Search code examples
cloudcloud-foundryautoscaling

Ensure graceful scale down with PCF Autoscaler


I have a PCF spring boot application, which handles some long running batches, and planning to use PCF AutoScaler for automatic scaling.

How to ensure graceful scale-down if app takes approx 15-20 minutes to drain already running jobs? Is there any mechanism to control scale down time so that app instance gets enough time before it's shut down?


Solution

  • The amount of time an application has to gracefully shutdown is set by the platform, not by PCF Autoscaler or your application. With PCF it is going to default to 10 seconds.

    By default, apps must finish their in-flight jobs within ten seconds of receiving the SIGTERM before TAS for VMs terminates the app with a SIGKILL.

    https://docs.pivotal.io/application-service/2-12/devguide/deploy-apps/app-lifecycle.html#shutdown

    As noted at that link, you can change that value but it's platform-wide.

    To modify the timeout period on the TAS for VMs tile or IST tile, go to the Advanced Settings tab and edit the “app graceful shutdown period” property.

    There are downsides to changing it, like longer evacuation times when updating Diego Cells. You're essentially giving all of your applications that much time to run before the platform can stop the application, which ties up platform resources for longer periods of time.
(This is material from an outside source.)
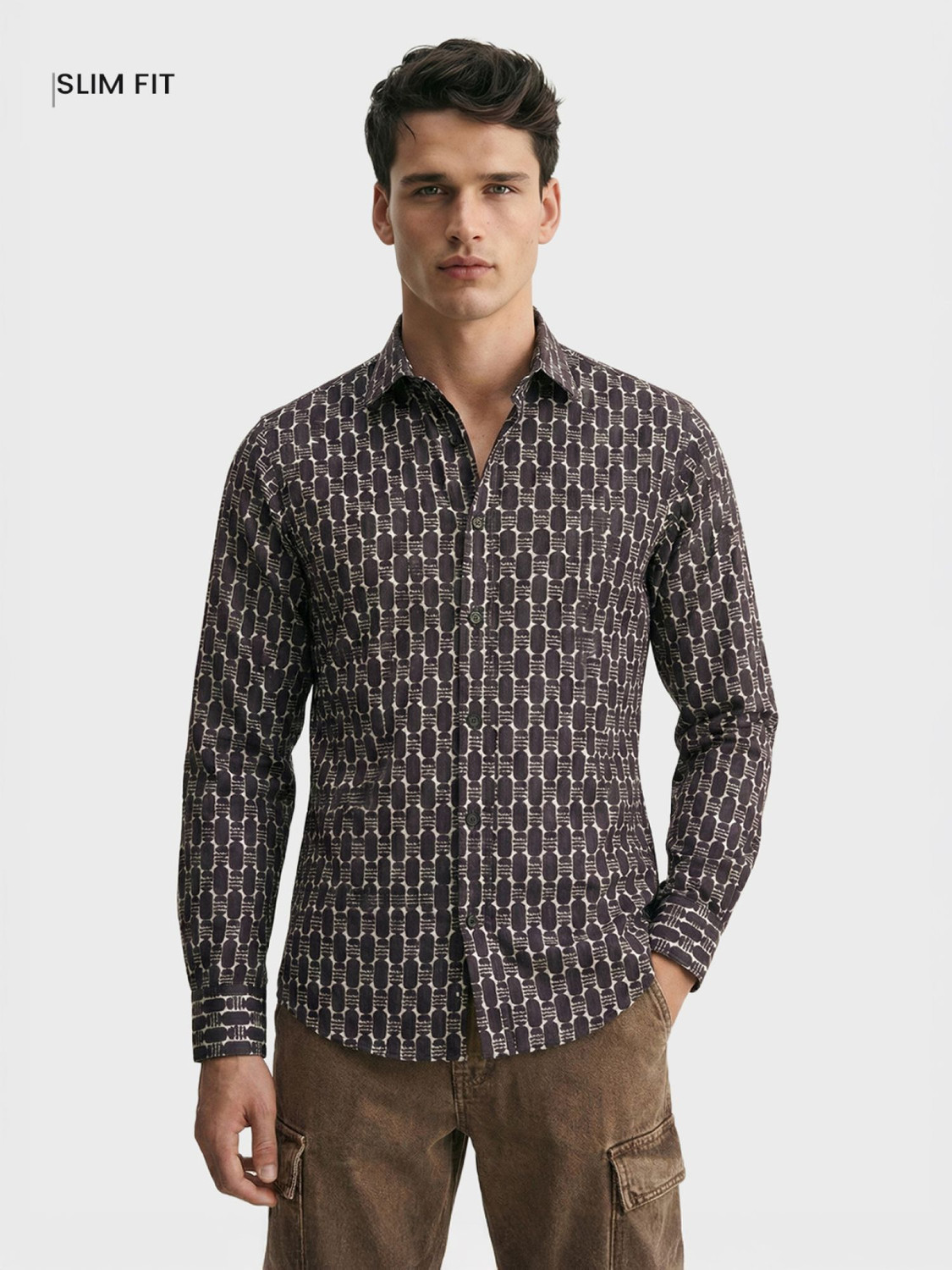 Image of The Indian Garage Co. Men Printed Party Brown Shirt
    I would not recommend increasing the value platform-wide to accommodate your need of 15-20 minutes.

    My suggestion would be to adjust your batch jobs such that they can be paused or stopped and resumed later. When the SIGTERM is sent, you can then tell the jobs to pause or stop, which can hopefully be done in less than 10 seconds. When your application restarts, the paused or stopped job can be resumed.